Bachelor of Music candidates follow the General Education Requirements outlined under “Major and Minor Requirements: Department of Music” within the Program of Study section.
All other candidates for either the Bachelor of Arts or Bachelor of Science degrees must satisfy the University’s General Education Requirements. This curriculum is designed to provide students with the abilities and broad liberal arts background necessary for living lives of purpose with distinction. A course may be counted to meet a general education requirement if and only if that course is designated to fulfill that requirement in the semester that the course is taken.
A single course may be counted in up to three different abilities categories. When a course fulfills an Abilities Requirement, but is also listed within the Breadth of Academic Experience (Fine Arts, Humanities, Natural Sciences, or Social Sciences), Global Cultural Perspectives, and/or Personal Health and Wellness requirements, this course may also be used to fulfill a requirement in one or more of these categories.

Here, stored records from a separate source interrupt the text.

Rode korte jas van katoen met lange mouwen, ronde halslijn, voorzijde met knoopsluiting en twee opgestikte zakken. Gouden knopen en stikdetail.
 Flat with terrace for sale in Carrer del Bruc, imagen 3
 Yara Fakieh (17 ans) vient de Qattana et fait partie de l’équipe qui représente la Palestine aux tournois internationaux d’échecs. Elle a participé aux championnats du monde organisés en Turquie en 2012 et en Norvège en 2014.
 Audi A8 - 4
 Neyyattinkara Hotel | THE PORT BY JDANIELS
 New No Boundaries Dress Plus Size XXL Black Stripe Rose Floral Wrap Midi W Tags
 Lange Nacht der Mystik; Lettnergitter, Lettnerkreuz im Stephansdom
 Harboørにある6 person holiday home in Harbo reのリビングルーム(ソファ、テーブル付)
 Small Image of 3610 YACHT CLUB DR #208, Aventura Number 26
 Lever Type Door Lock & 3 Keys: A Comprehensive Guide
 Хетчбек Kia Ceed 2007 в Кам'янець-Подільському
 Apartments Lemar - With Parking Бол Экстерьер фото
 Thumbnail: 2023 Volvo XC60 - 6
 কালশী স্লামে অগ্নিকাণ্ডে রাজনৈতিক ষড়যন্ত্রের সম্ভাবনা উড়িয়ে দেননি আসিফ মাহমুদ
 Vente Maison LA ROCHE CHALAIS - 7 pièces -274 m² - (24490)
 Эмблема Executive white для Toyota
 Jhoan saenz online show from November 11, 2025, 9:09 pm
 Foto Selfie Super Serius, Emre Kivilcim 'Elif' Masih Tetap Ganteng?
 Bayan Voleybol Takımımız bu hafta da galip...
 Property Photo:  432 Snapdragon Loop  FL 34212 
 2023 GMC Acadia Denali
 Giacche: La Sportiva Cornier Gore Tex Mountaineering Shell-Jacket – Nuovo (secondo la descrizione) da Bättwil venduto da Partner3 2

Students take courses addressing five abilities related to thinking and communication. The number of courses required differs according to the ability.
Critical Thinking Ability:Students should be able to demonstrate good critical thinking skills. Critical thinking is embedded into the courses that fulfill Abilities Requirements; however, there are no specific course requirements within this ability category.
Definition: Critical thinking is defined by Robert Ennis as “reasonable reflective thinking focused on deciding what to believe or do.” Critical thinking skills include clearly stating a reasonable position on a topic; developing and supporting that position fully and consistently with sufficient well-chosen reasons, examples, data and/or details; and when appropriate providing pertinent documentation of any sources referenced. The critical thinker can interpret, analyze, evaluate, and make a decision regarding the statements of others.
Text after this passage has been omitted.